We Others
by Steven Millhauser
There’s something wonderfully off-key about this collection of Pulitzer winner Steven Millhauser’s short stories. Taking in a 30 year survey of his work, it’s fascinating to see that while his style has warped and shifted over time, he has remained faithful throughout to a strand of unadulterated oddness. Here are stories about knife throwers and magicians, disappointing alien invasions and weird slapping sprees afflicting small American towns. While he often returns to a Norman Rockwell America built on dreamy suburbs and cool glasses of lemonade sipped on creaking verandas, the fact remains: we’re not exactly in Carver territory.

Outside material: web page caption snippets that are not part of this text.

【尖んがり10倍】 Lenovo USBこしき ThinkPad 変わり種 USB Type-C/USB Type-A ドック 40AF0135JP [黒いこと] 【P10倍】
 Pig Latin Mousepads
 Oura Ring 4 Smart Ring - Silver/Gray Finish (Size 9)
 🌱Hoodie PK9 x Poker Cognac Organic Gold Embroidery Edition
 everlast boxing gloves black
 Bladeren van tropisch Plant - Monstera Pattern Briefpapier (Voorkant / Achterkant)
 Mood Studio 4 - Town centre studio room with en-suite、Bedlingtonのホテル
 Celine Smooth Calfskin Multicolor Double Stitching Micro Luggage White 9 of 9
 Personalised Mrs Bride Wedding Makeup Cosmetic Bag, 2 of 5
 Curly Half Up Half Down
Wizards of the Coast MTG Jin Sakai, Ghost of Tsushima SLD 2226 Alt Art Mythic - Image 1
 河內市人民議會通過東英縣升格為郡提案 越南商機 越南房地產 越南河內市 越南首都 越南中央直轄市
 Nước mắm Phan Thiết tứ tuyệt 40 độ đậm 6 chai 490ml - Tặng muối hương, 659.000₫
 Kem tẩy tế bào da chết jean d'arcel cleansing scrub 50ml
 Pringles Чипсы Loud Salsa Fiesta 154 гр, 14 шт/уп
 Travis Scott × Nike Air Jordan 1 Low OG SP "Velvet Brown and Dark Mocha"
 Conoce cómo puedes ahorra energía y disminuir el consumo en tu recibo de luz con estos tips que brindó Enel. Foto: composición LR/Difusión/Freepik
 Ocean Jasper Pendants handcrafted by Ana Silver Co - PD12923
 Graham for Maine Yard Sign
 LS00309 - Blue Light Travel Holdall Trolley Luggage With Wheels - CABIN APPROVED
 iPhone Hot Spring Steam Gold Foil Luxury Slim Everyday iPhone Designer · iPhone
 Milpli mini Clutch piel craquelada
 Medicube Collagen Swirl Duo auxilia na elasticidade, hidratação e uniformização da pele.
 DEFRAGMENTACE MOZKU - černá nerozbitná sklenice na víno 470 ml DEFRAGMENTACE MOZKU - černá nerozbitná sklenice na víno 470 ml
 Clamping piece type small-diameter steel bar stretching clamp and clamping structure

I hadn’t come across his work before so it was a pleasant surprise to immerse myself in his series of strange, inverted worlds. I was reminded at times of 60s post-modernists like John Barth and Donald Barthelme, especially for the way Millhauser takes pop culture tropes and twists them to his peculiar design. One particular highlight, ‘Cat n’ Mouse,’ deals with the existential dilemma faced by a Tom and Jerry-like duo when a possible end to their Sisyphean battle arises.
This is a handsomely put together volume of curious fragments which serve as a winning introduction to Millhauser’s work, one in which every next story offers something different to the last.